Required action: Stop after the line holding "Household robot preparing". Repeat exactly every line before it in the records below, that line too, and leave out the pictures.

Data:
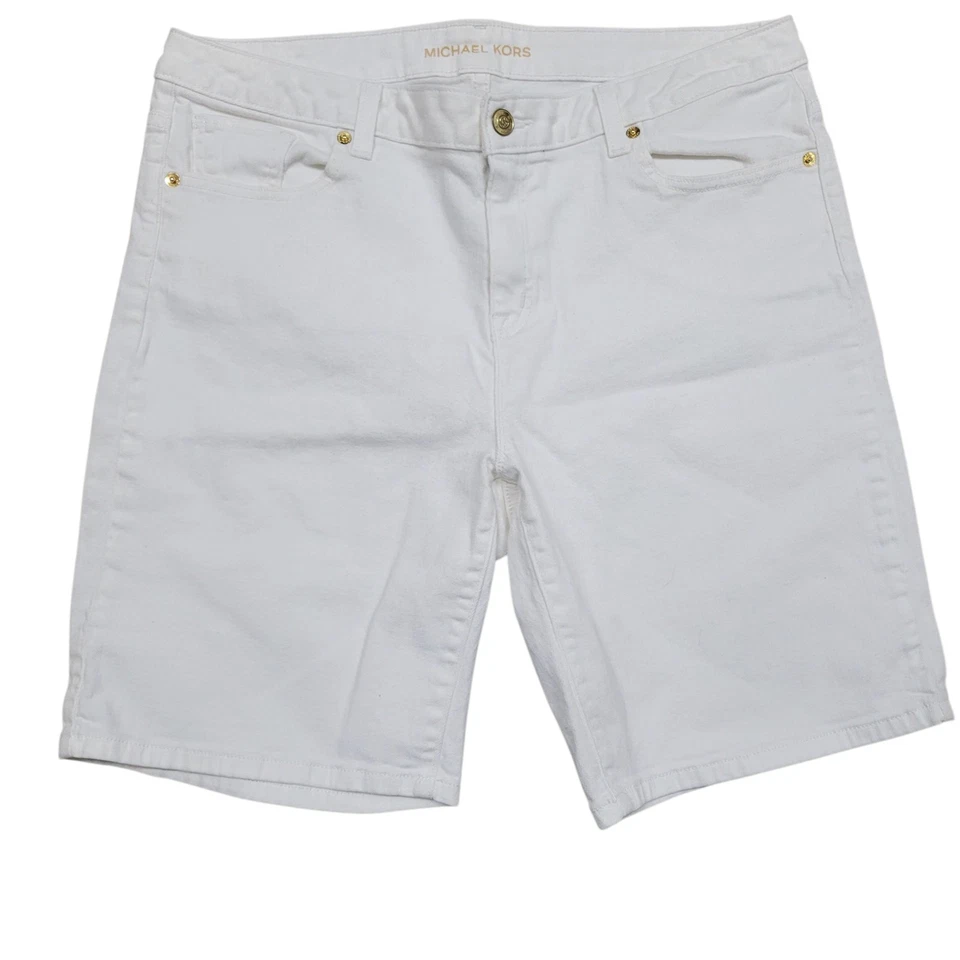 Bermuda jeans branca Michael Kors tamanho 12 cintura 36 costura interna 9 feminina  - Imagem 3 de 4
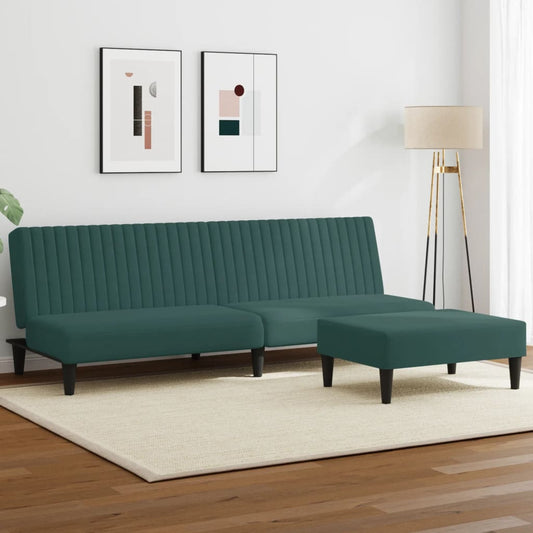2 pcs conjunto de sofás veludo verde-escuro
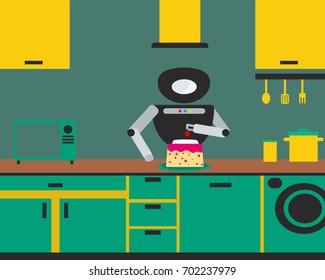 Household robot preparing cake at kitchen. Personal robot chef futuristic concept illustration vector.
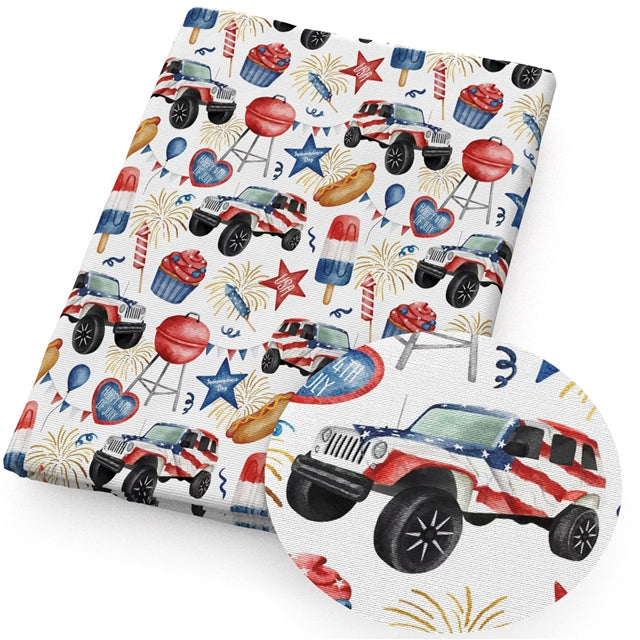 July 4th Jeep Party BBQ Textured Liverpool/ Bullet Fabric FeeFiFauxLeather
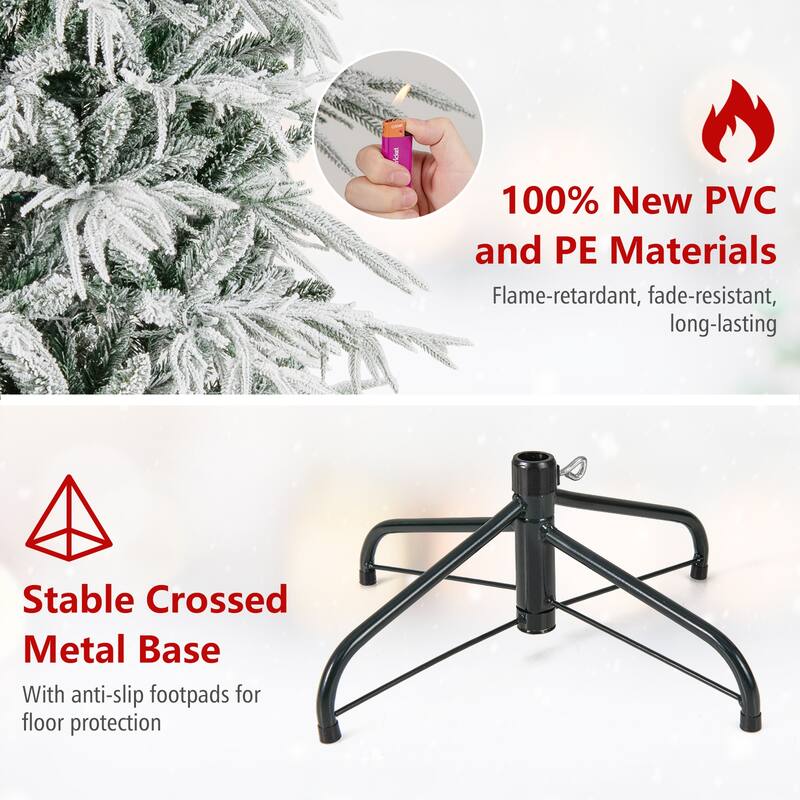 Gymax 6/7/8 FT Artificial Christmas Tree w/1108 PE PVC Branch Tips & - Green, White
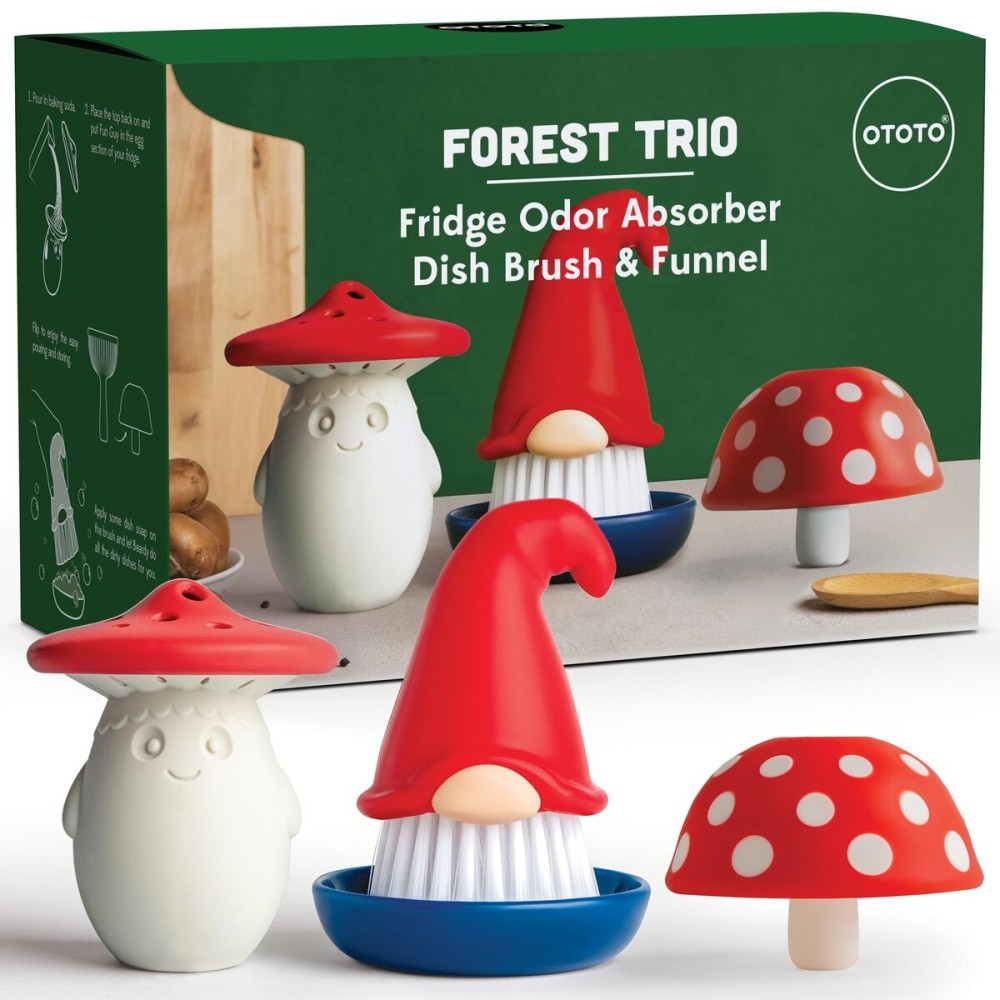 OTOTO Forest Trio Bundle of Beardy, Magic Mushroom, Fun Guy - Gnomes Dish Brush, Fungilicious Kitchen Funnel, Fridge Deodorizer, Mushroom Decor Cute Kitchen Accessories, Unique Mushroom Gnome Gifts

Exercise answer:
 Bermuda jeans branca Michael Kors tamanho 12 cintura 36 costura interna 9 feminina  - Imagem 3 de 4
2 pcs conjunto de sofás veludo verde-escuro
 Household robot preparing cake at kitchen. Personal robot chef futuristic concept illustration vector.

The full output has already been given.